There also are links to insulin resistance, which is a direct route to increased risk of Type 2 Diabetes, and it can impair the development of adolescent brains, according to NCBI. Some teenagers who would steer clear of cigarettes choose to vape instead, not understanding the addictive nature of nicotine or the potential repercussions of nicotine ingestion. The University of Pittsburgh conducted a study that adds to the growing list of risks associated with vaping: they found that young adults who use e-cigarettes are four times more likely than their non-vaping peers to begin smoking traditional tobacco cigarettes within 18 months of their first time using e-cigarettes. It can be a gateway into smoking cigarettes, or even into further drug use, which can have incredibly dangerous and even fatal effects. Nicotine is a highly addictive substance, ranking below heroin but above alcohol and prescription medications. The long-term effects may not only cause serious health problems, it may even inhibit one’s ability to accept treatment for them.

A lesser known danger lies in the uncertainty surrounding e-cigarettes: most of the data gathered about the negative effects of cigarettes was culminated over decades of study and research. Vaping has surged in popularity over the past five years, and there simply is not enough data collected for healthcare professionals to come to an accurate conclusion about the effects of vaping on youth. Furthermore, Juul will not be submitting their product for official review from the FDA until 2022, meaning that some ingredients may be unsafe for consumption.

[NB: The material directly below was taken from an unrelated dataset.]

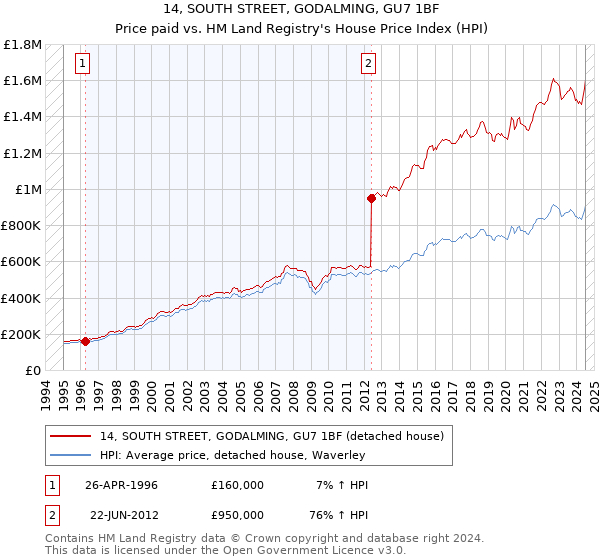 14, SOUTH STREET, GODALMING, GU7 1BF: Price paid vs HM Land Registry's House Price Index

Such ingredients include diacetyl, propylene glycol, and formaldehyde: diacetyl can cause scarring in lung tissue, as well as lung condition nicknamed ‘popcorn lung’ is caused by excess diacetyl, and the lungs of those affected may never return to normal. Formaldehyde as well as propylene glycol are a known carcinogens. All three have been found in trace amounts of Juul vapor.

The bottom line remains that not enough is known about Juul and vape products, and that information may not come for years or even decades. What is known is that dangerous nicotine addictions can occur in teens who otherwise would have had no exposure to the chemical, and that Juul popularity is sweeping the nation.